Anthropic mengajukan gugatan pada 9 Maret 2026, dan mendapatkan injungsi sementara hanya 17 hari kemudian pada 26 Maret, menunjukkan bahwa pengadilan melihat masalah dengan kasus pemerintah sejak awal.
Alasan pengadilan
Hakim Lin menemukan bahwa penunjukan tersebut tidak memiliki dasar fakta yang sah. Pemerintah tidak dapat menunjukkan bukti bahwa teknologi Anthropic menimbulkan risiko sabotase atau bahwa rantai pasokannya dikompromikan.

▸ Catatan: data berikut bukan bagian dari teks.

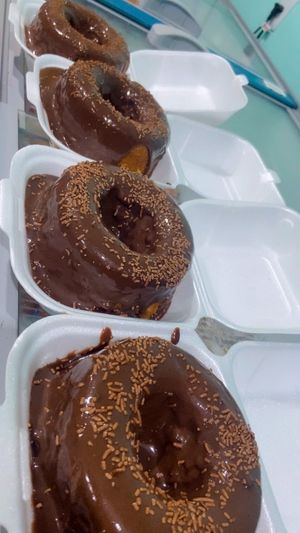 imagem do produto Mini bolo de cenoura 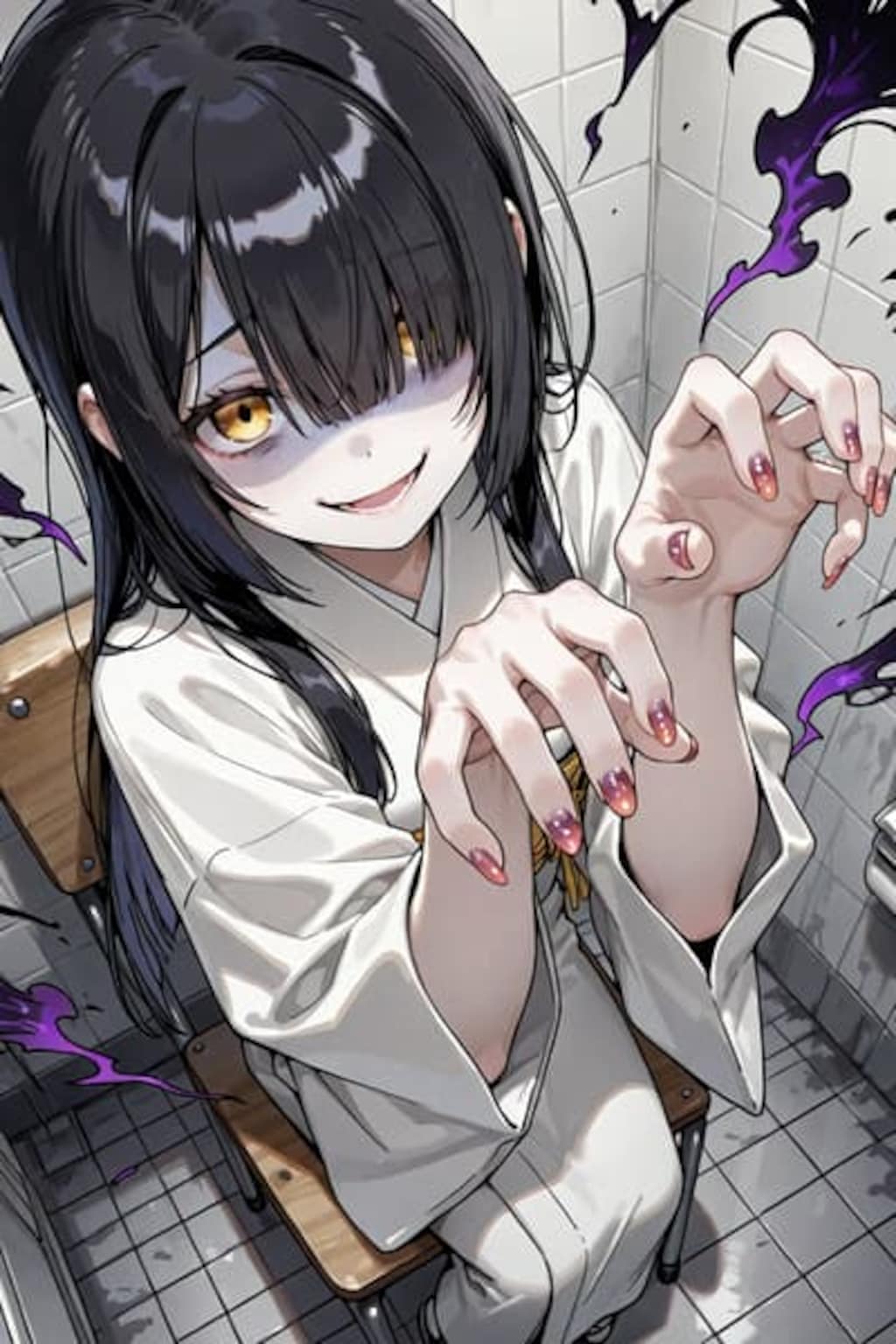 トイレのユウ子さん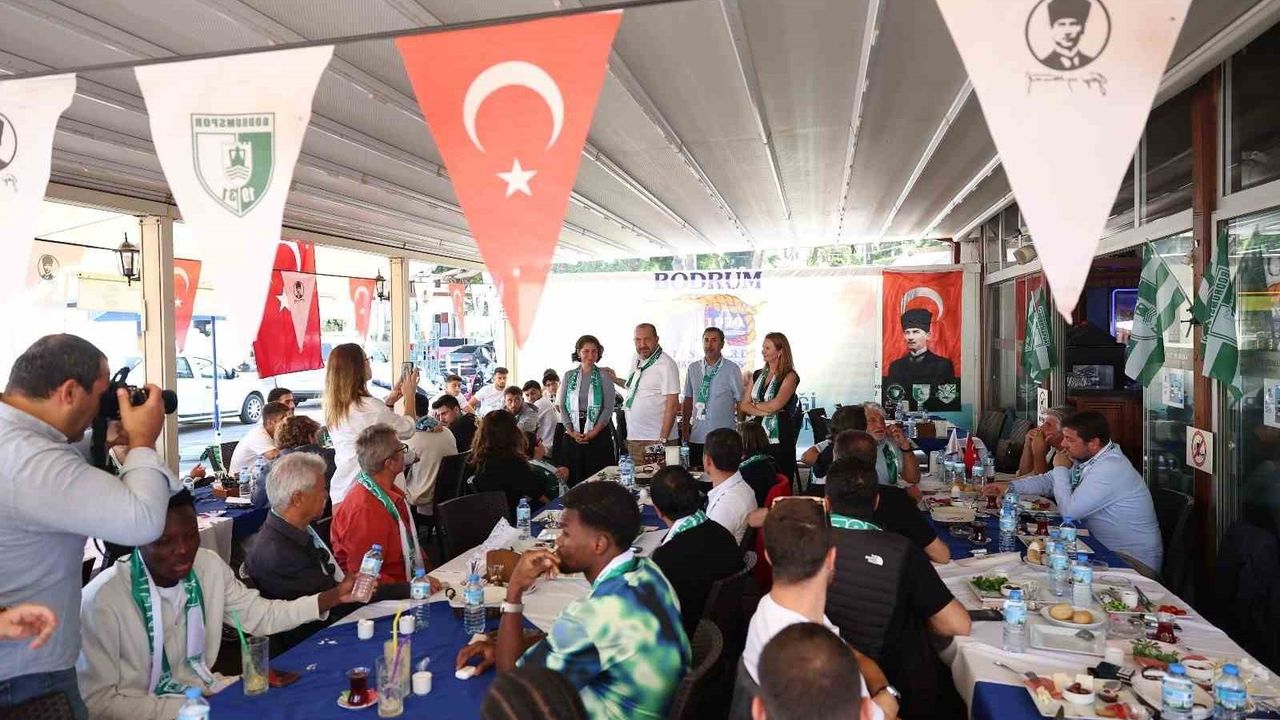 Bodrum FK ve Bodrum Denizciler Derneği'nden iş birliği: Her iç saha maçında 300 denizci tribünde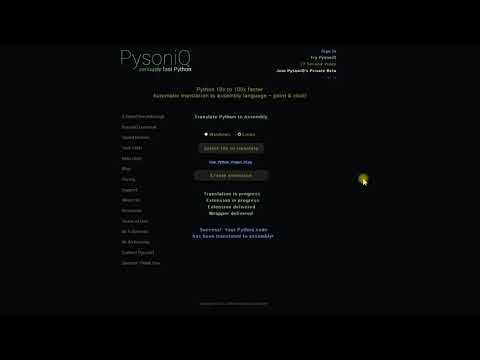 PysoniQ - Python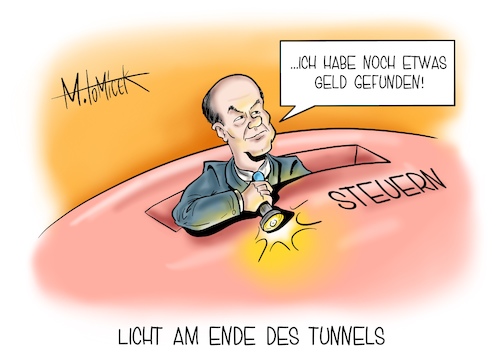 Licht am Ende des Tunnels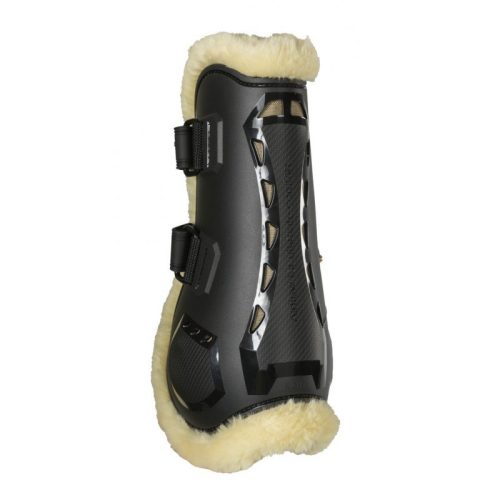 Tendon boots Back on Track Airflow fur lined M black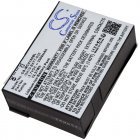 Batteri kompatibelt med M3 Mobile Orange Type OX10-BATT-S33 Batteri kompatibelt med M3 Mobile Orange Type OX10-BATT-S33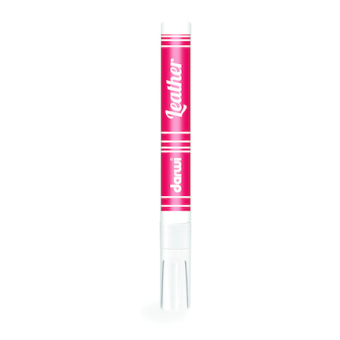 DARWI leerverf marker, punt van 2 mm, inhoud 6 ml, wit (DA0420013010C)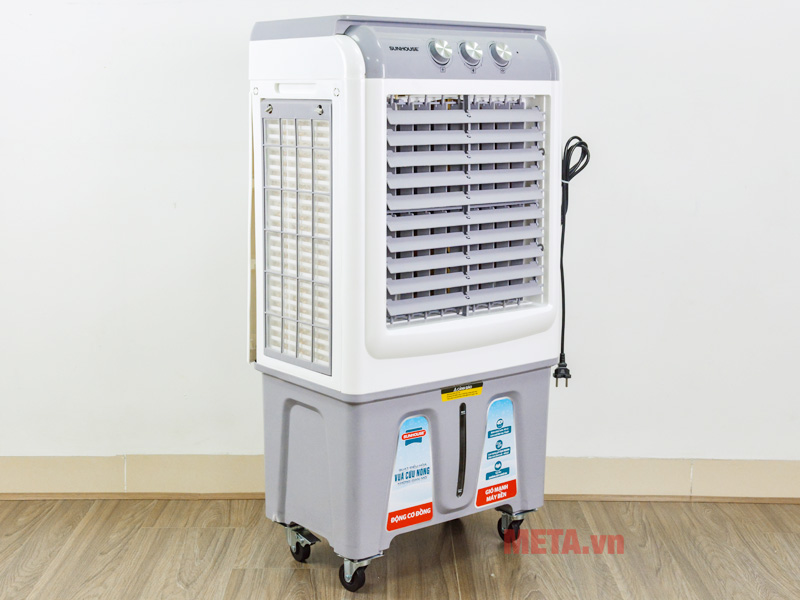 Máy làm mát không khí Sunhouse SHD7744 bình 40 lít, 125W, làm mát đến 40m²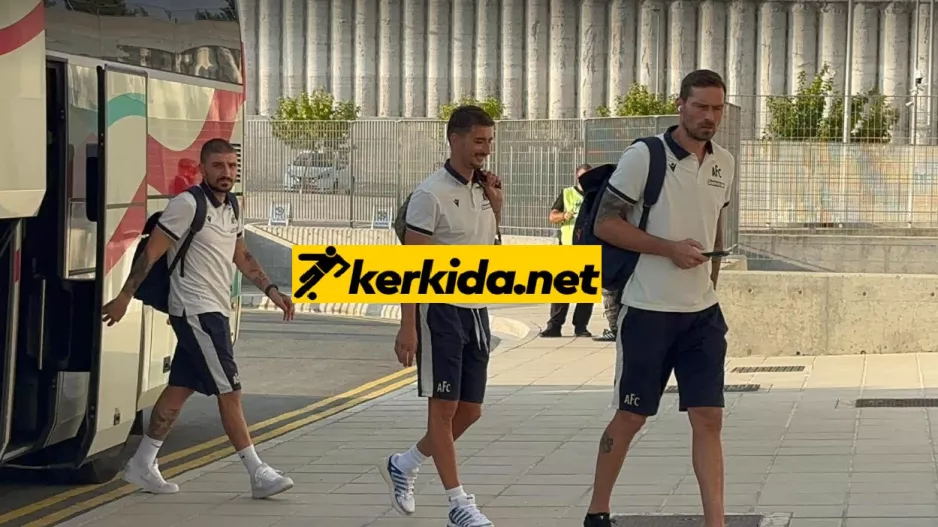 (Βίντεο-Φώτος kerkida) Στη Λεμεσό το ΑΠΟΕΛ
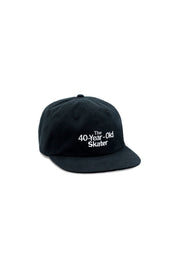 40 Year Old Cap - Black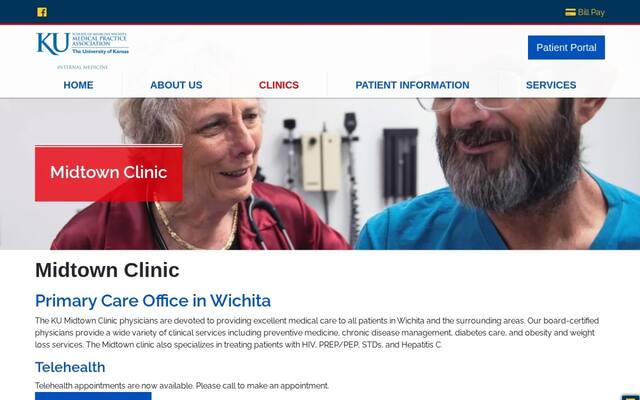KU Wichita Internal Medicine - Midtown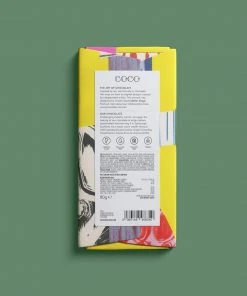 COCO Chocolatier COCO | Dunkle Schokolade Passionsfrucht | Dark Chocolate Passion Fruit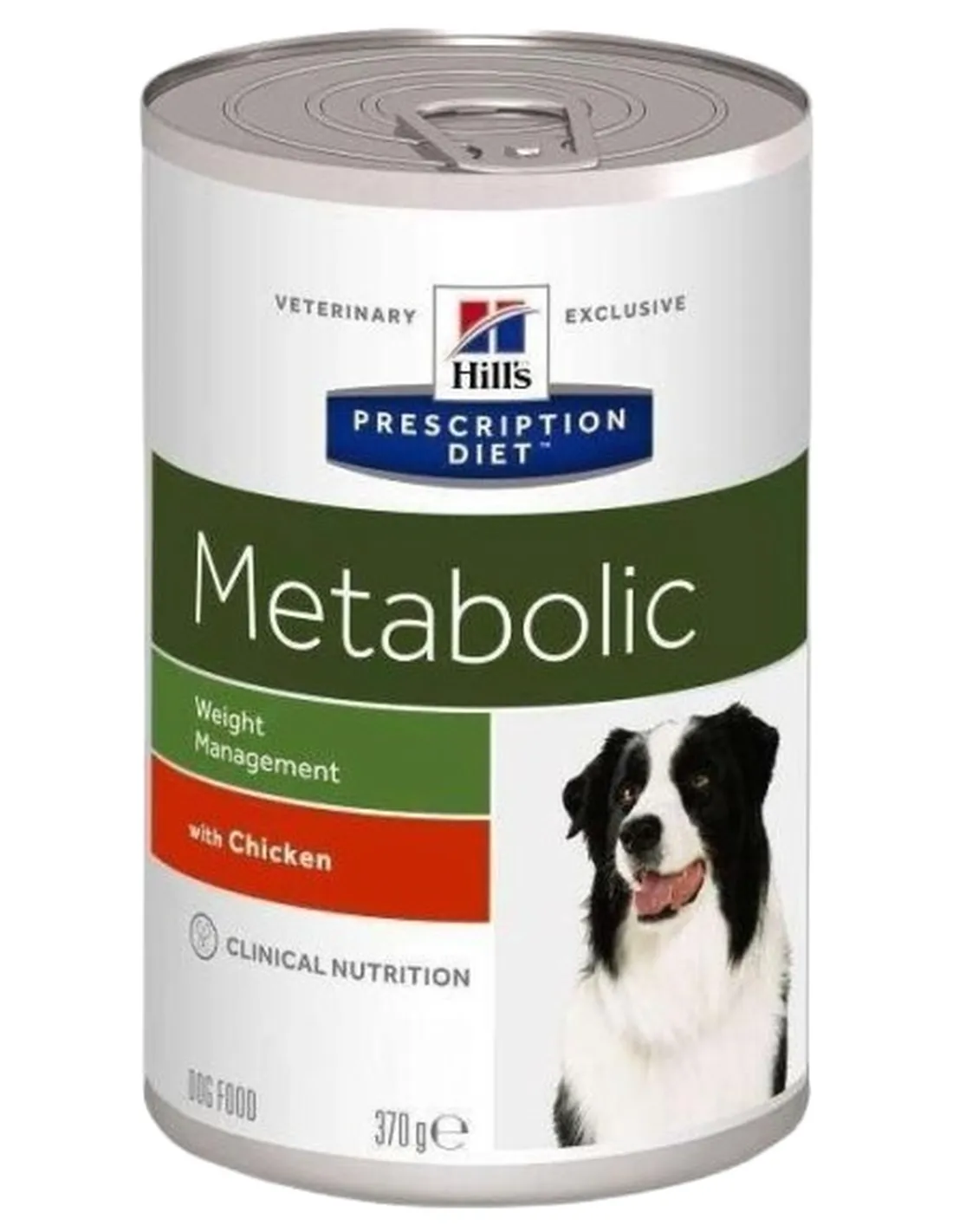 Hill's Prescription Diet cane Metabolic con Pollo 370 gr   Hill's Prescription Diet cane Metabolic con Pollo 370 gr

Sebaliknya, catatan menunjukkan bahwa penunjukan tersebut merupakan hukuman atas penolakan Anthropic untuk melepaskan pedoman etisnya selama negosiasi kontrak.
Pengadilan menyimpulkan bahwa pemerintah telah membalas dendam terhadap Anthropic karena menjalankan haknya untuk menetapkan jangka waktu penggunaan produknya, dan bahwa menghukum ucapan tersebut dengan daftar hitam keamanan nasional melanggar batas konstitusional.
Meskipun keputusan tersebut menghalangi beberapa agensi federal untuk menegakkan daftar hitam, hal itu tidak memaksa Pentagon untuk benar-benar membeli produk Anthropic. Militer tetap memiliki kebebasan penuh atas keputusan pengadaannya.
Apa artinya ini bagi AI dan kontrak pemerintah
Ini adalah uji coba pengadilan utama pertama apakah pemerintah dapat memanfaatkan penetapan keamanan rantai pasokan untuk menyerang perusahaan domestik karena perbedaan kebijakan, bukan karena kekhawatiran keamanan yang nyata. Jawabannya, setidaknya dari pengadilan ini, adalah tidak jelas.
Perusahaan AI yang ingin memberlakukan batasan penggunaan pada model mereka sekarang memiliki dasar hukum: pemerintah dapat memilih untuk tidak membeli produk Anda, tetapi tidak dapat memblokir Anda karena memiliki syarat yang tidak disukainya.